Buddhist temple in Bangkok, Thailand

Wat Pariwat Ratchasongkram (วัดปริวาสราชสงคราม), also known as Wat Pariwat, is a Buddhist temple in Yan Nawa district, Bangkok, Thailand.

==History==
Formerly, this place was probably a house of priest or a small temple only. Wealthy people in the past had preference for building the temples. The construction was estimated to be around the late Ayutthaya period to early Rattanakosin era. Subsequently, during the reigns of King Rama I to Rama II, the available evidence indicates that Krommuen Sakphon Sena (กรมหมื่นศักดิ์พลเสนา) had got Phraya Phetpichai (พระยาเพชรพิชัย) to build the temple at the edge of Khlong Lud Luang canal on the western side.

According to the evidence, people of his ancestry were master craftsmen in succession. Phraya Phetpichai was a chief responsible for the construction of Nakhon Khuan Khan (นครเขื่อนขันธ์, present-day Phra Pradaeng) and the temple there until becoming well known. Upon the completion of construction, that temple was royally named Wat Phichayon Phonlasep (วัดไพชยนต์พลเสพย์).
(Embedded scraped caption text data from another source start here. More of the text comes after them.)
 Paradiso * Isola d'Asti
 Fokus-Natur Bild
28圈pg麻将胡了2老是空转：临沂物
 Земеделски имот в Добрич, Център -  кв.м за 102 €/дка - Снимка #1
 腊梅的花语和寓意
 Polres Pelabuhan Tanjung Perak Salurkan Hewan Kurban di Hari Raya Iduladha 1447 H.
Phraya Phetpichai was a devout Buddhist with determination to build the temple as a memorial. Therefore, he asked for permission to build another temple opposite Wat Phichayon Phonlasep, which was given the name Wat Prod Ket Chettaram (วัดโปรดเกศเชษฐาราม). Both of them were royal temples.
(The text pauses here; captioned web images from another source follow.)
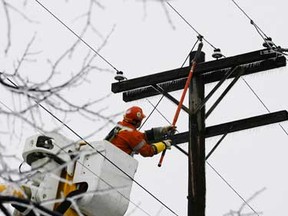A Hydro Ottawa worker repairs a pole. (ANDRE FORGET/QMI Agency)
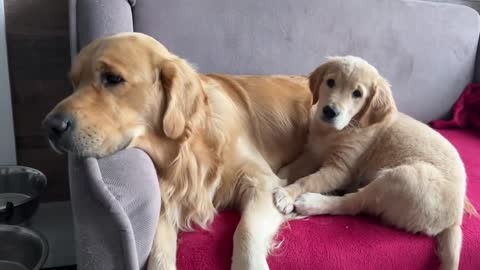 Inexperienced Dog Dad Learns To Parent His Puppies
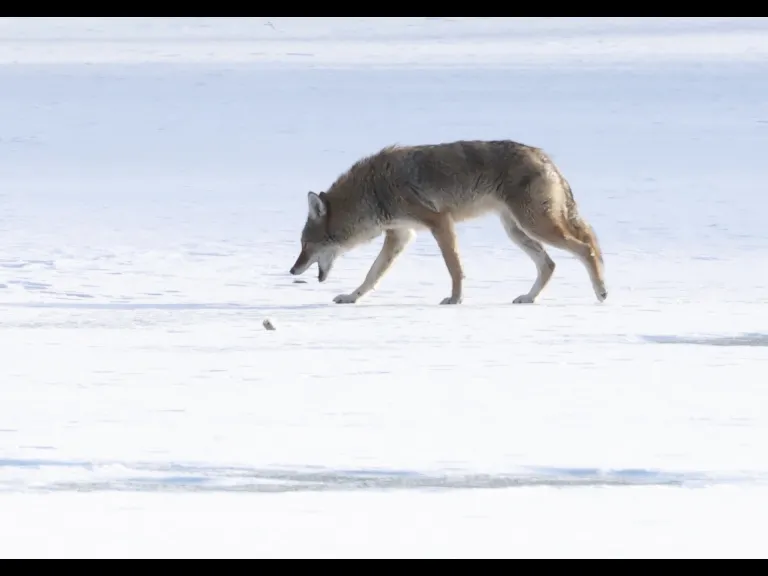 A coyote on Hagar Pond in Marlborough, photographed by Steve Forman.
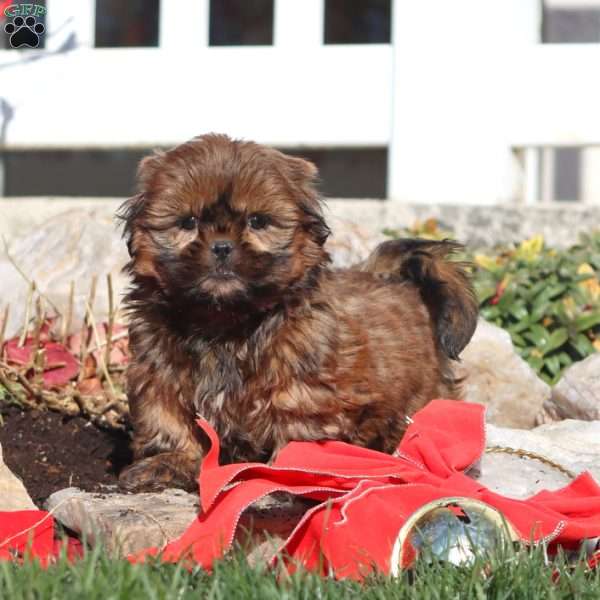 Fern, Shih Tzu Puppy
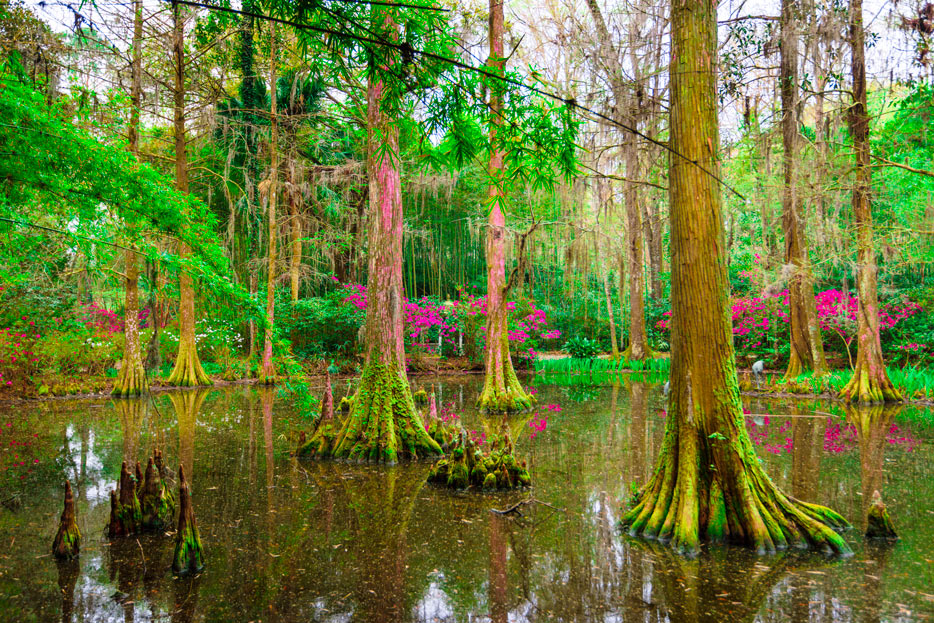 Photo of trees in a mangrove swamp shot with the AF-S NIKKOR 16-35mm f/4G ED VR lens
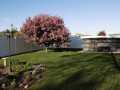 Property photo 49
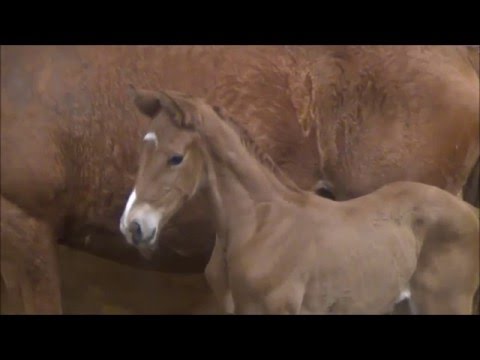 *2016 Stutfohlen von Le Vivaldi - Prestige Pilot (1 Woche alt)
Another key leader responsible for the construction of these two temples was Phraya Ratchasongkram (พระยาราชสงคราม). The letter was skilled at constructing and designing the palaces and temples with strong faith in Buddhism as well. Both of them collaborated on the construction of Wat Phichayon Phonlasep and Wat Prod Ket Chettaram was in very poor condition. So they renovated it until it became beautiful and named this Wat Pariwat Ratchasongkram based on his title at the end of this temple's name.

==Highlights==
At present, Wat Pariwat is internationally known as a monastery with beautiful and unusual buildings with a unique architectural style unlike any other temple. The examples are ubosot (ordination hall), benjarong (Thai porcelain with designs in five colours) stucco sculptures with characteristic of international contemporary art including the pictures ranging from god, deity, angel, hermit, giant, demon, various creatures to key characters in the classical epics like Ramakien (Thai version of Ramayana), Romance of the Three Kingdoms, The Legend of the Condor Heroes, cowboy, Viking, King Arthur, pharaoh, samurai, red Indians, One Piece, Dragon Ball etc.
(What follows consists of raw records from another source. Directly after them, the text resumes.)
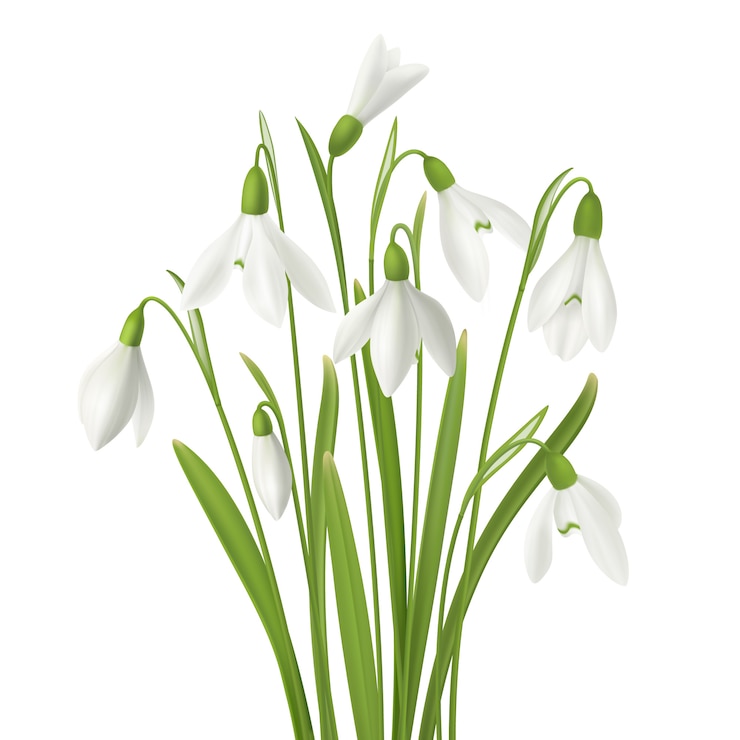 Vetor grátis flor realista snowdrop conjunto com ramo de flores frescas caules e imagens de grama na ilustração de fundo em branco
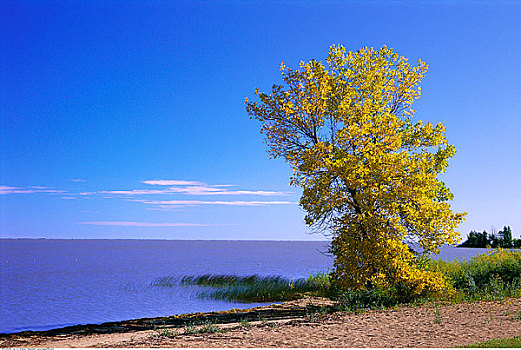 孤木,湖,曼尼托巴,加拿大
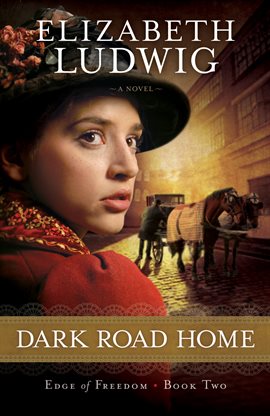 Cover image for Dark Road Home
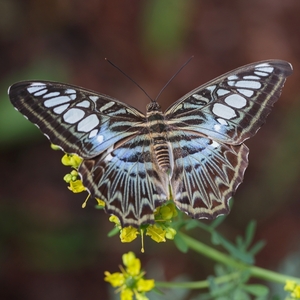 Parthenos sylvia violaceae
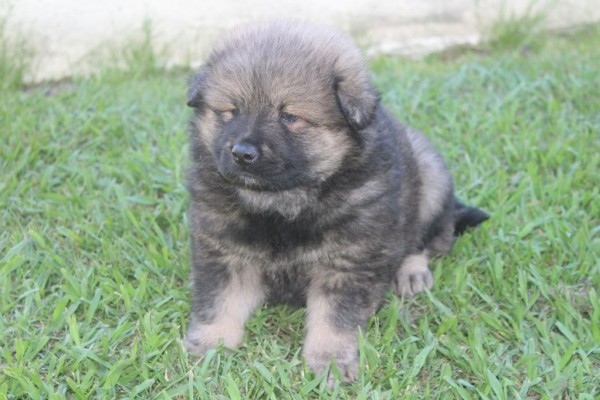 Eurasier (Spitz nain)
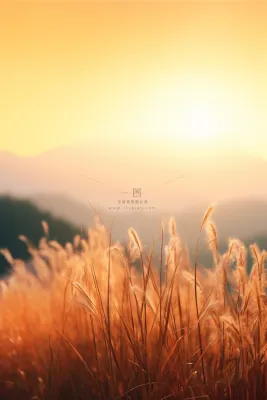 落日黄昏夕阳枝叶简约节气海报背景 落日黄昏夕阳枝叶简约节气海报背景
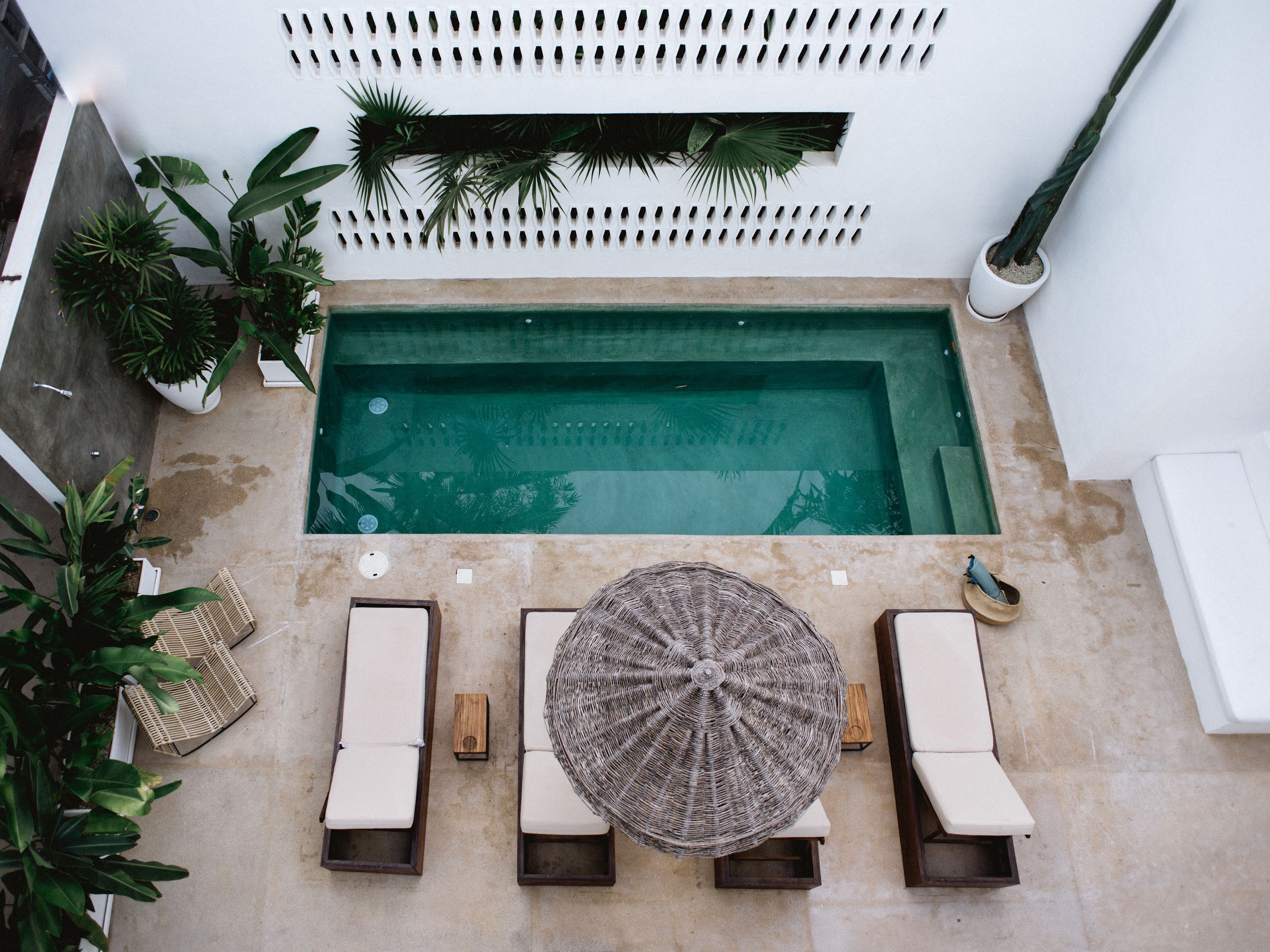 Ein Pool auf dem Dach mit Liegestühlen und einem Tisch, umgeben von Topfpflanzen.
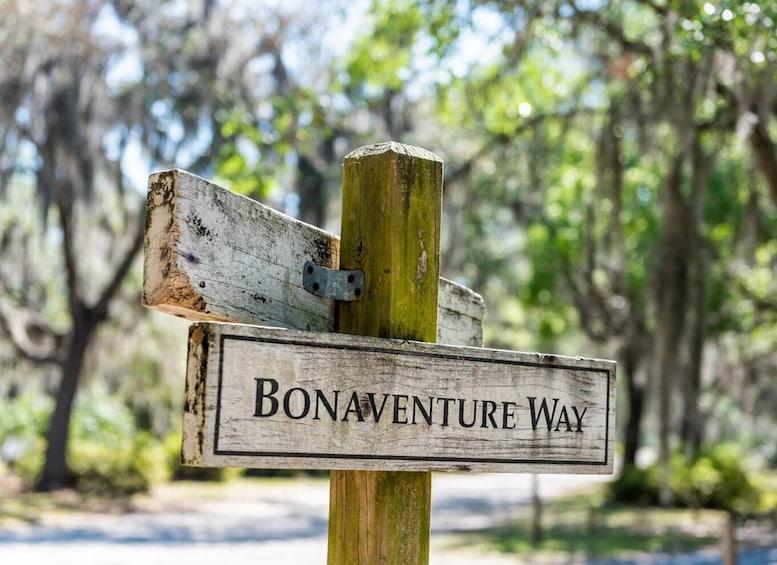 Picture 5 for Activity Savannah: Bonaventure Cemetery Tour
This was intended by the creators to be the artwork that reflects the period. In this regard, the statues were designed to symbolize the recorded events of the period, conveying that people could respect and uphold Buddhism, regardless of race, religion.

Besides, there is the statue of world class footballer David Beckham at the ubosot base known as unseen in Thailand too.

==Location==
Wat Pariwat is lined on the riverside of Chao Phraya on Phra Nakhon side (Bangkok core) in the area of Bang Phongphang. Since the temple is next to the Chao Phraya, it has picturesque scenery. It is also a suitable place for feeding or releasing fish to make merit.

==Transportation==
The temple is easily accessible by many BMTA buses, such as lines 4-47, 205, and is also served by the Wat Pariwat station (B7) of the Bangkok BRT, whose Sathorn–Ratchaphruek route runs along Rama III road.